Davood Parsa-Pajouh  (Persian: داوود  پارساپژوه ) was a prominent scholar at the University of Tehran. He was professor of the Department of Wood Science and Technology at the Faculty of Natural Resources, and the author and translator of several books and articles in this area.

Biography
Parsa-Pajouh was born in Tehran at 1941. After graduation from Hadaf High School, he entered the Faculty of Agriculture at the University of Tehran. He received his bachelor's degree in Forest and Range Engineering at 1965. Thereafter, he was awarded a National Scholarship to continue his post-graduate study at the French National School of Forestry in Nancy, France. He returned to Iran in 1970 after receiving his PhD degree in Wood Technology & Engineering, and started to work as a lecturer in the Faculty of Natural Resources.
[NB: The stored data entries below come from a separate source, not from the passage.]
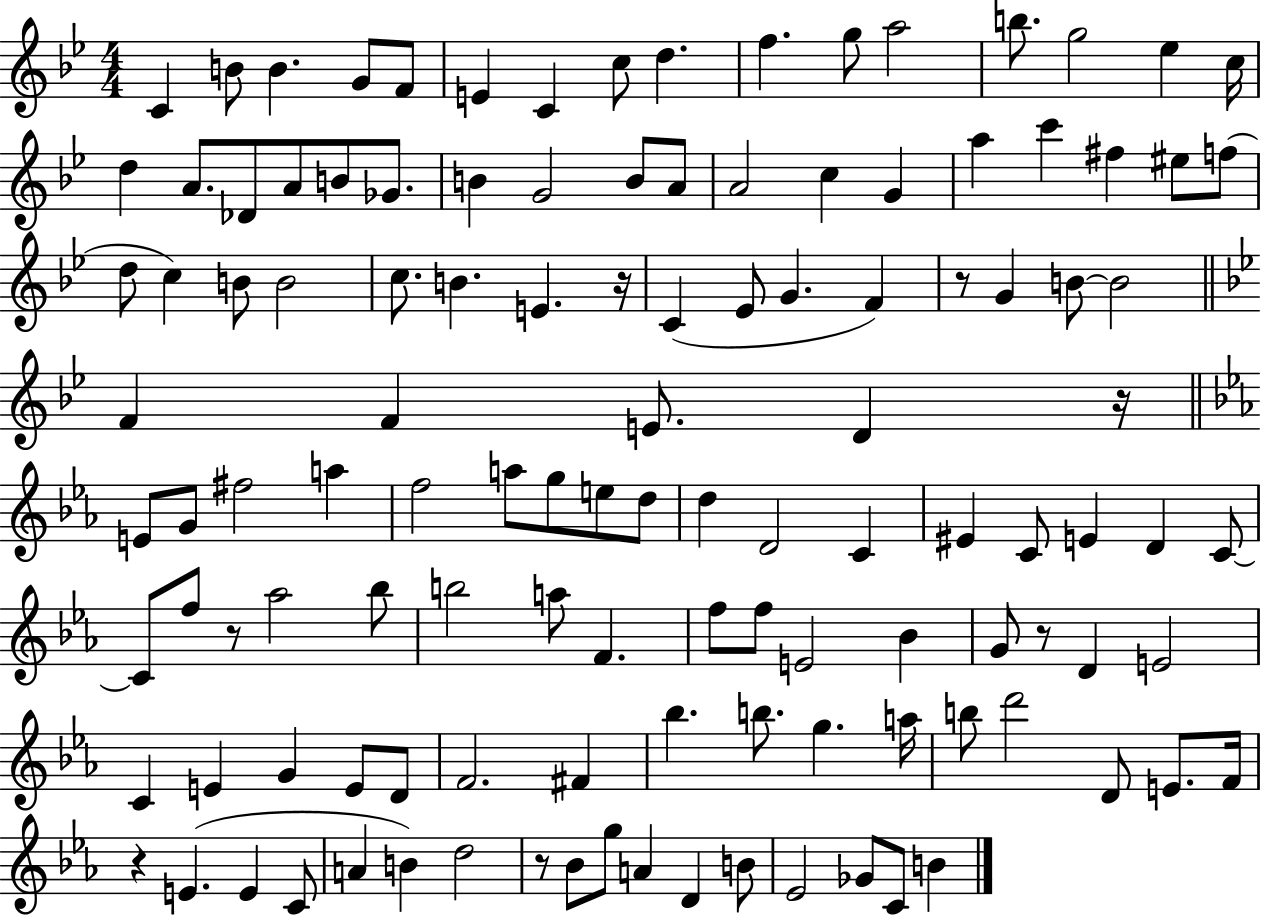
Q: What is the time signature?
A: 4/4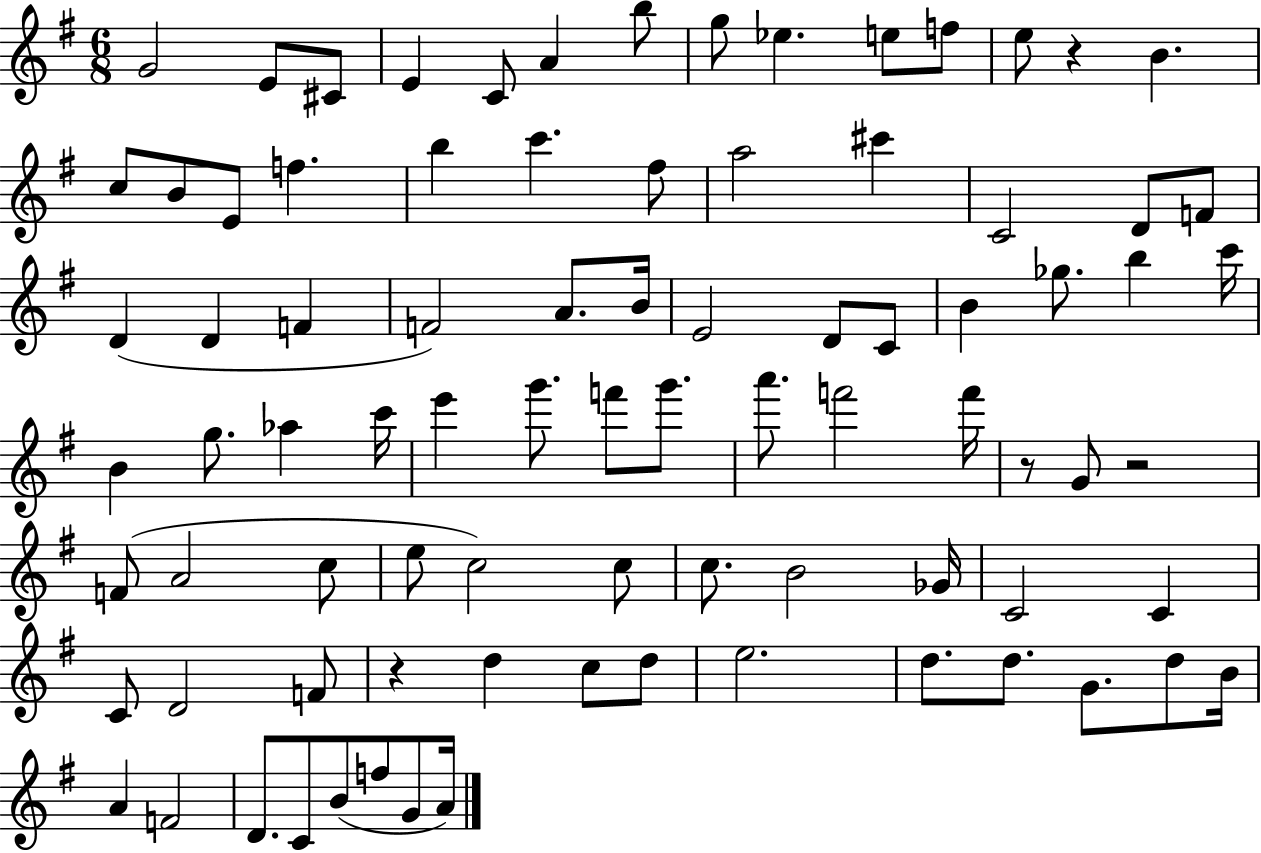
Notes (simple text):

G4/h E4/e C#4/e E4/q C4/e A4/q B5/e G5/e Eb5/q. E5/e F5/e E5/e R/q B4/q. C5/e B4/e E4/e F5/q. B5/q C6/q. F#5/e A5/h C#6/q C4/h D4/e F4/e D4/q D4/q F4/q F4/h A4/e. B4/s E4/h D4/e C4/e B4/q Gb5/e. B5/q C6/s B4/q G5/e. Ab5/q C6/s E6/q G6/e. F6/e G6/e. A6/e. F6/h F6/s R/e G4/e R/h F4/e A4/h C5/e E5/e C5/h C5/e C5/e. B4/h Gb4/s C4/h C4/q C4/e D4/h F4/e R/q D5/q C5/e D5/e E5/h. D5/e. D5/e. G4/e. D5/e B4/s A4/q F4/h D4/e. C4/e B4/e F5/e G4/e A4/s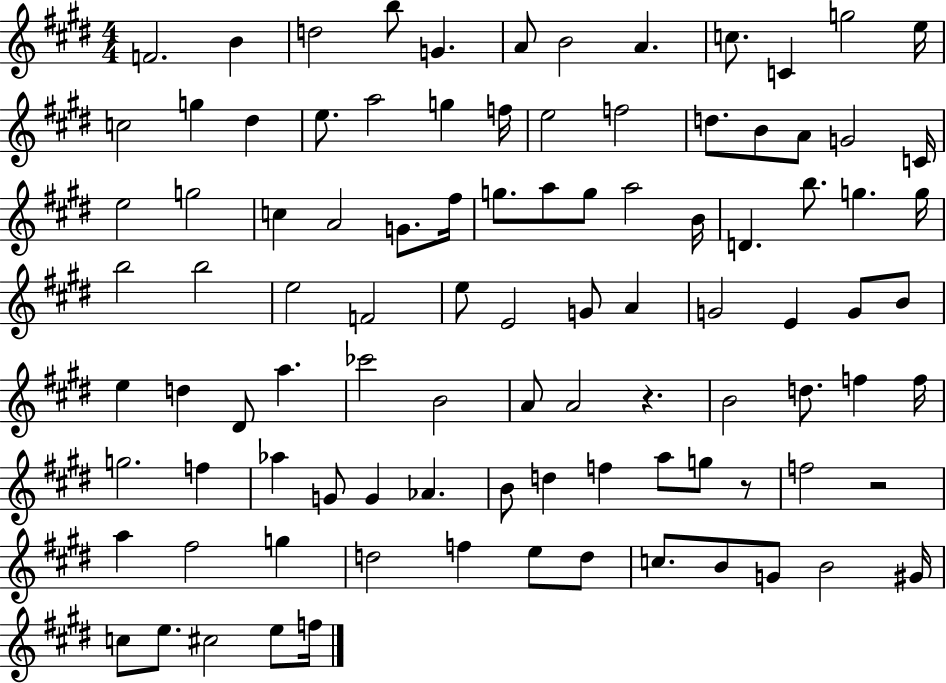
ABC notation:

X:1
T:Untitled
M:4/4
L:1/4
K:E
F2 B d2 b/2 G A/2 B2 A c/2 C g2 e/4 c2 g ^d e/2 a2 g f/4 e2 f2 d/2 B/2 A/2 G2 C/4 e2 g2 c A2 G/2 ^f/4 g/2 a/2 g/2 a2 B/4 D b/2 g g/4 b2 b2 e2 F2 e/2 E2 G/2 A G2 E G/2 B/2 e d ^D/2 a _c'2 B2 A/2 A2 z B2 d/2 f f/4 g2 f _a G/2 G _A B/2 d f a/2 g/2 z/2 f2 z2 a ^f2 g d2 f e/2 d/2 c/2 B/2 G/2 B2 ^G/4 c/2 e/2 ^c2 e/2 f/4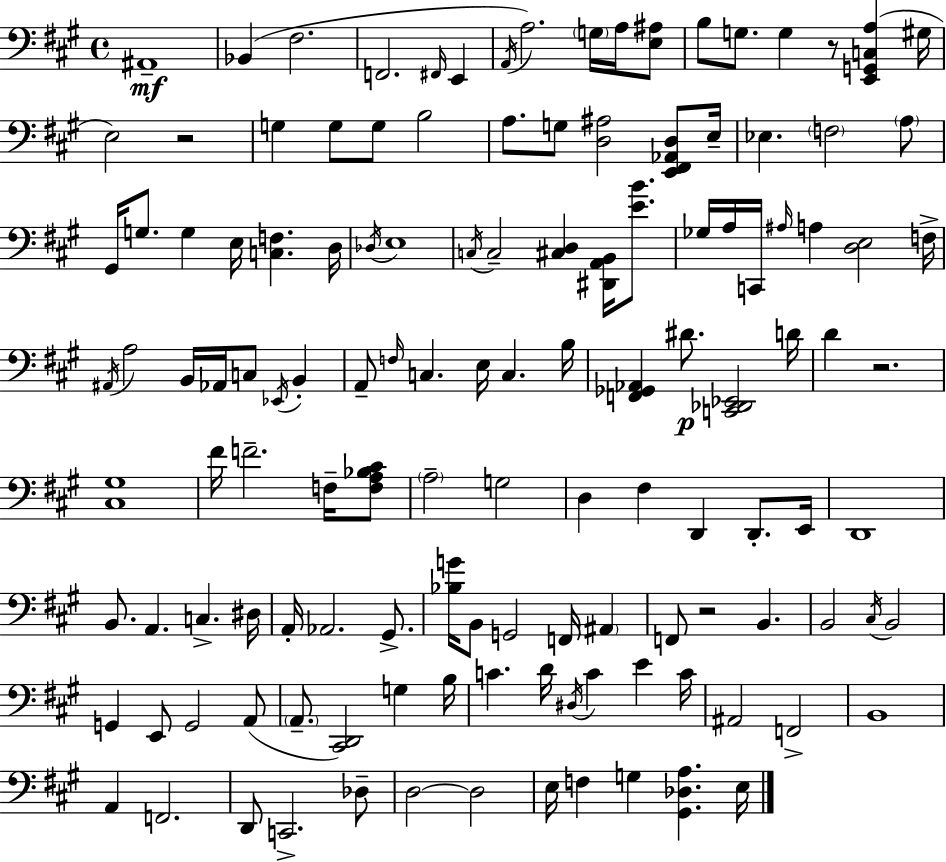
A#2/w Bb2/q F#3/h. F2/h. F#2/s E2/q A2/s A3/h. G3/s A3/s [E3,A#3]/e B3/e G3/e. G3/q R/e [E2,G2,C3,A3]/q G#3/s E3/h R/h G3/q G3/e G3/e B3/h A3/e. G3/e [D3,A#3]/h [E2,F#2,Ab2,D3]/e E3/s Eb3/q. F3/h A3/e G#2/s G3/e. G3/q E3/s [C3,F3]/q. D3/s Db3/s E3/w C3/s C3/h [C#3,D3]/q [D#2,A2,B2]/s [E4,B4]/e. Gb3/s A3/s C2/s A#3/s A3/q [D3,E3]/h F3/s A#2/s A3/h B2/s Ab2/s C3/e Eb2/s B2/q A2/e F3/s C3/q. E3/s C3/q. B3/s [F2,Gb2,Ab2]/q D#4/e. [C2,Db2,Eb2]/h D4/s D4/q R/h. [C#3,G#3]/w F#4/s F4/h. F3/s [F3,A3,Bb3,C#4]/e A3/h G3/h D3/q F#3/q D2/q D2/e. E2/s D2/w B2/e. A2/q. C3/q. D#3/s A2/s Ab2/h. G#2/e. [Bb3,G4]/s B2/e G2/h F2/s A#2/q F2/e R/h B2/q. B2/h C#3/s B2/h G2/q E2/e G2/h A2/e A2/e. [C#2,D2]/h G3/q B3/s C4/q. D4/s D#3/s C4/q E4/q C4/s A#2/h F2/h B2/w A2/q F2/h. D2/e C2/h. Db3/e D3/h D3/h E3/s F3/q G3/q [G#2,Db3,A3]/q. E3/s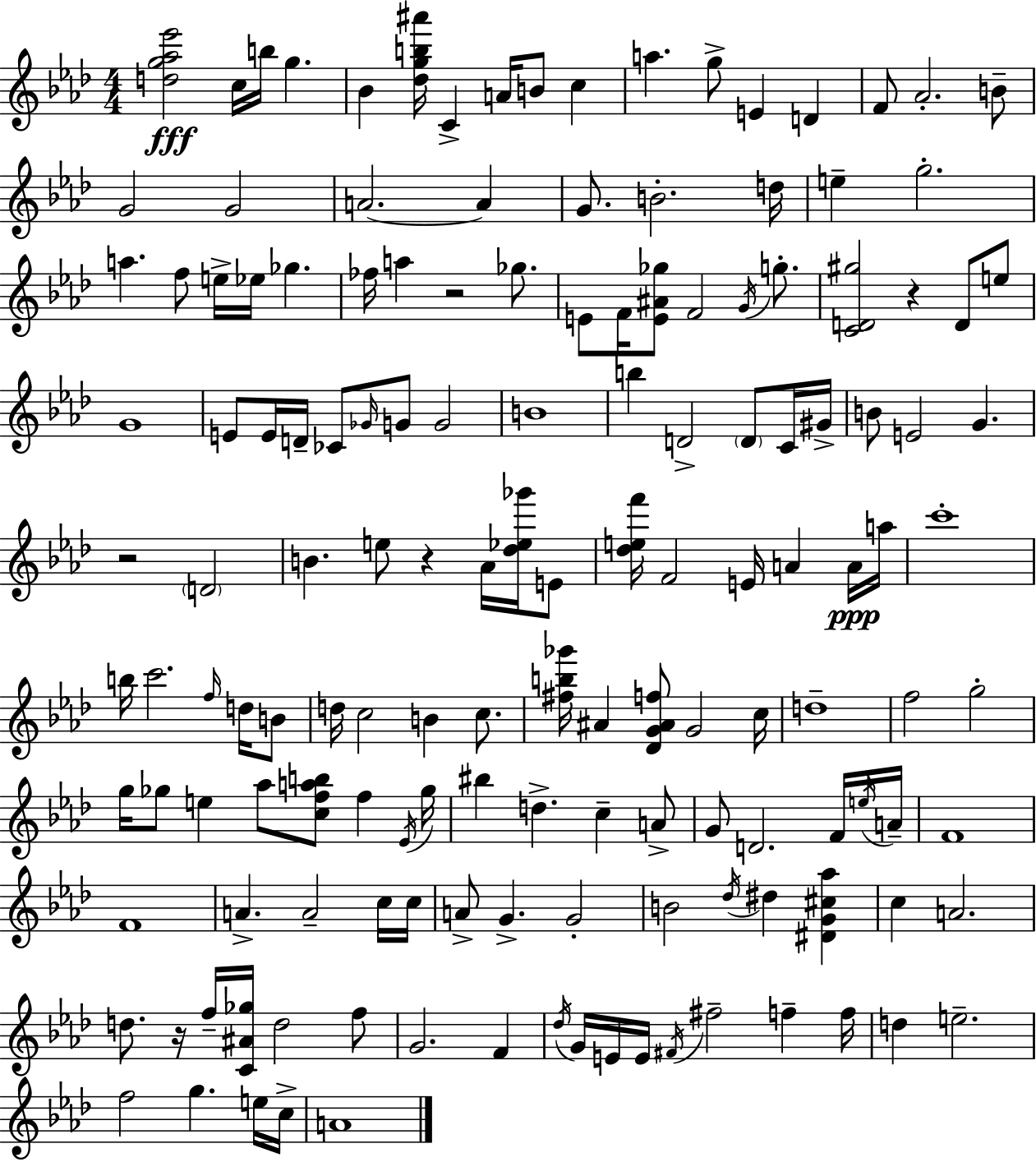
[D5,G5,Ab5,Eb6]/h C5/s B5/s G5/q. Bb4/q [Db5,G5,B5,A#6]/s C4/q A4/s B4/e C5/q A5/q. G5/e E4/q D4/q F4/e Ab4/h. B4/e G4/h G4/h A4/h. A4/q G4/e. B4/h. D5/s E5/q G5/h. A5/q. F5/e E5/s Eb5/s Gb5/q. FES5/s A5/q R/h Gb5/e. E4/e F4/s [E4,A#4,Gb5]/e F4/h G4/s G5/e. [C4,D4,G#5]/h R/q D4/e E5/e G4/w E4/e E4/s D4/s CES4/e Gb4/s G4/e G4/h B4/w B5/q D4/h D4/e C4/s G#4/s B4/e E4/h G4/q. R/h D4/h B4/q. E5/e R/q Ab4/s [Db5,Eb5,Gb6]/s E4/e [Db5,E5,F6]/s F4/h E4/s A4/q A4/s A5/s C6/w B5/s C6/h. F5/s D5/s B4/e D5/s C5/h B4/q C5/e. [F#5,B5,Gb6]/s A#4/q [Db4,G4,A#4,F5]/e G4/h C5/s D5/w F5/h G5/h G5/s Gb5/e E5/q Ab5/e [C5,F5,A5,B5]/e F5/q Eb4/s Gb5/s BIS5/q D5/q. C5/q A4/e G4/e D4/h. F4/s E5/s A4/s F4/w F4/w A4/q. A4/h C5/s C5/s A4/e G4/q. G4/h B4/h Db5/s D#5/q [D#4,G4,C#5,Ab5]/q C5/q A4/h. D5/e. R/s F5/s [C4,A#4,Gb5]/s D5/h F5/e G4/h. F4/q Db5/s G4/s E4/s E4/s F#4/s F#5/h F5/q F5/s D5/q E5/h. F5/h G5/q. E5/s C5/s A4/w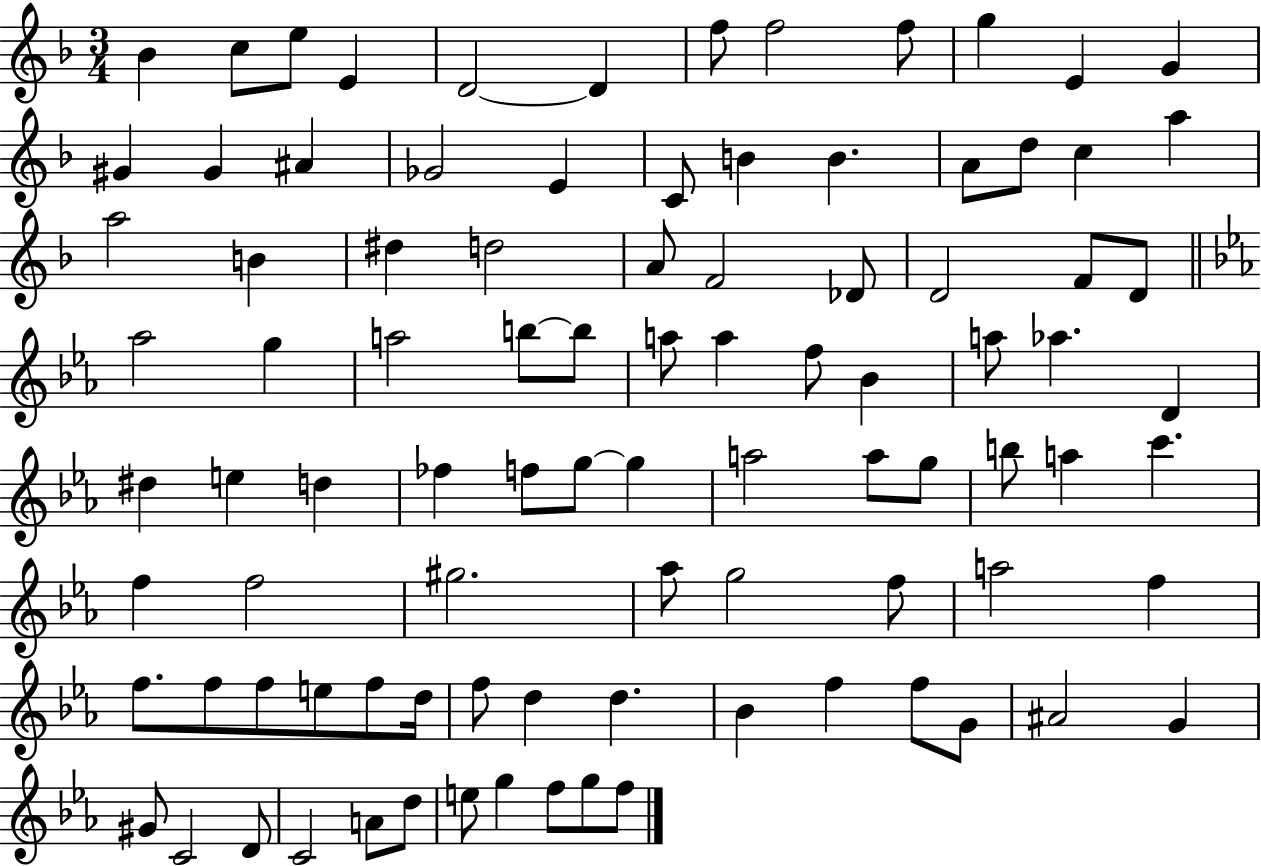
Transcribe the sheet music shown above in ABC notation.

X:1
T:Untitled
M:3/4
L:1/4
K:F
_B c/2 e/2 E D2 D f/2 f2 f/2 g E G ^G ^G ^A _G2 E C/2 B B A/2 d/2 c a a2 B ^d d2 A/2 F2 _D/2 D2 F/2 D/2 _a2 g a2 b/2 b/2 a/2 a f/2 _B a/2 _a D ^d e d _f f/2 g/2 g a2 a/2 g/2 b/2 a c' f f2 ^g2 _a/2 g2 f/2 a2 f f/2 f/2 f/2 e/2 f/2 d/4 f/2 d d _B f f/2 G/2 ^A2 G ^G/2 C2 D/2 C2 A/2 d/2 e/2 g f/2 g/2 f/2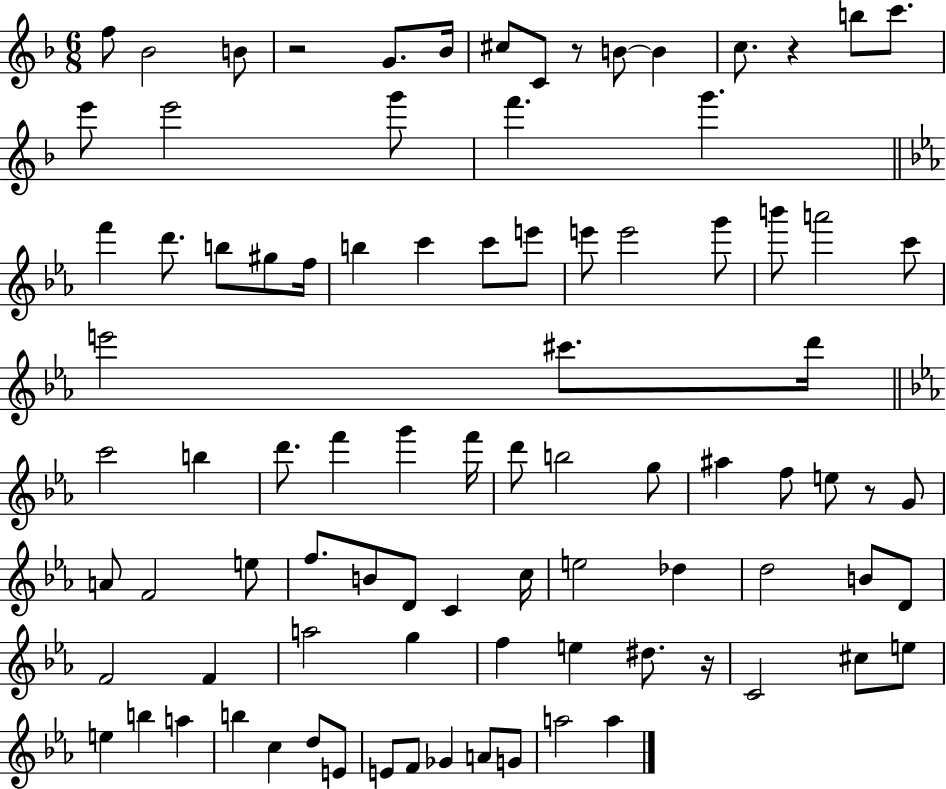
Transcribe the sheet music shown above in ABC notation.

X:1
T:Untitled
M:6/8
L:1/4
K:F
f/2 _B2 B/2 z2 G/2 _B/4 ^c/2 C/2 z/2 B/2 B c/2 z b/2 c'/2 e'/2 e'2 g'/2 f' g' f' d'/2 b/2 ^g/2 f/4 b c' c'/2 e'/2 e'/2 e'2 g'/2 b'/2 a'2 c'/2 e'2 ^c'/2 d'/4 c'2 b d'/2 f' g' f'/4 d'/2 b2 g/2 ^a f/2 e/2 z/2 G/2 A/2 F2 e/2 f/2 B/2 D/2 C c/4 e2 _d d2 B/2 D/2 F2 F a2 g f e ^d/2 z/4 C2 ^c/2 e/2 e b a b c d/2 E/2 E/2 F/2 _G A/2 G/2 a2 a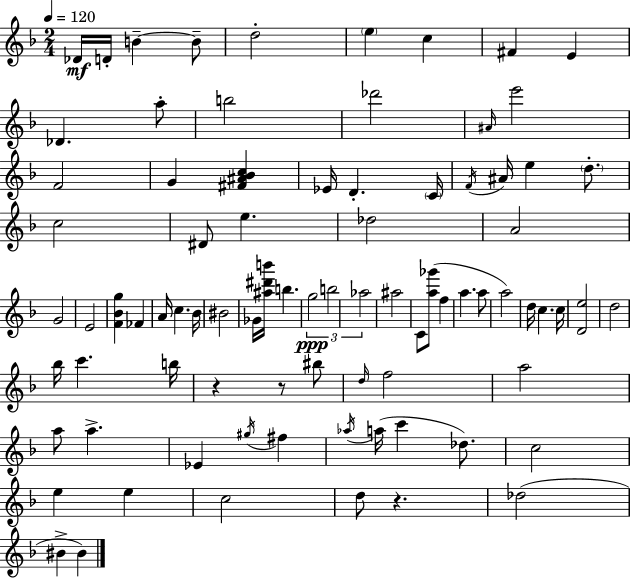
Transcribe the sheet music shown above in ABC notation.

X:1
T:Untitled
M:2/4
L:1/4
K:Dm
_D/4 D/4 B B/2 d2 e c ^F E _D a/2 b2 _d'2 ^A/4 e'2 F2 G [^F^A_Bc] _E/4 D C/4 F/4 ^A/4 e d/2 c2 ^D/2 e _d2 A2 G2 E2 [F_Bg] _F A/4 c _B/4 ^B2 _G/4 [^a^d'b']/4 b g2 b2 _a2 ^a2 C/2 [a_g']/2 f a a/2 a2 d/4 c c/4 [De]2 d2 _b/4 c' b/4 z z/2 ^b/2 d/4 f2 a2 a/2 a _E ^g/4 ^f _a/4 a/4 c' _d/2 c2 e e c2 d/2 z _d2 ^B ^B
Parsa-Pajouh participated in several research programs in France and Switzerland during his professional career.

Responsibilities 

Parsa-Pajouh dedicated years of his career to academic executive roles and responsibilities, which are highlighted as follows:
Vice-Chancellor of the University of Tehran
Dean of the Faculty of Natural Resources of the University of Tehran
Head of the Department of Wood Science and Technology
Member of the Academic Promotions Committee of the University of Tehran
Member of the Academic Promotions Committee of the Ministry of Science, Research, and Technology  
Member of the Academy of Sciences and head of the Wood Science Group
Editor of the Iranian Journal of Natural Resources

Honours
Honoured as Distinguished Researcher of the University of Tehran in 1991
Honoured as Distinguished Professor of the University of Tehran in 1992
Honoured as Nationwide Distinguished Professor in 1993
In 2015, his book Wood Technology was honoured as one of the 80 treasures of the University of Tehran

Books and translations
Wood Technology, University of Tehran Press
Industrial Timber Preservation, University of Tehran Press
Atlas of the Woods of the North of Iran, University of Tehran Press
Tree Multi-lingual encyclopedia, University of Tehran Press
Paper and composites from agro-based resources, University of Tehran Press
House Termites, Shahid Rajaee Teacher Training University Press

Death and funeral
Davood Parsa-Pajouh died on 11 August 2015 at the age of 74, at Laleh Hospital in Tehran. He was buried in the Nam-Avaran plot in Behesht-e Zahra, which is reserved for national scholars and scientists.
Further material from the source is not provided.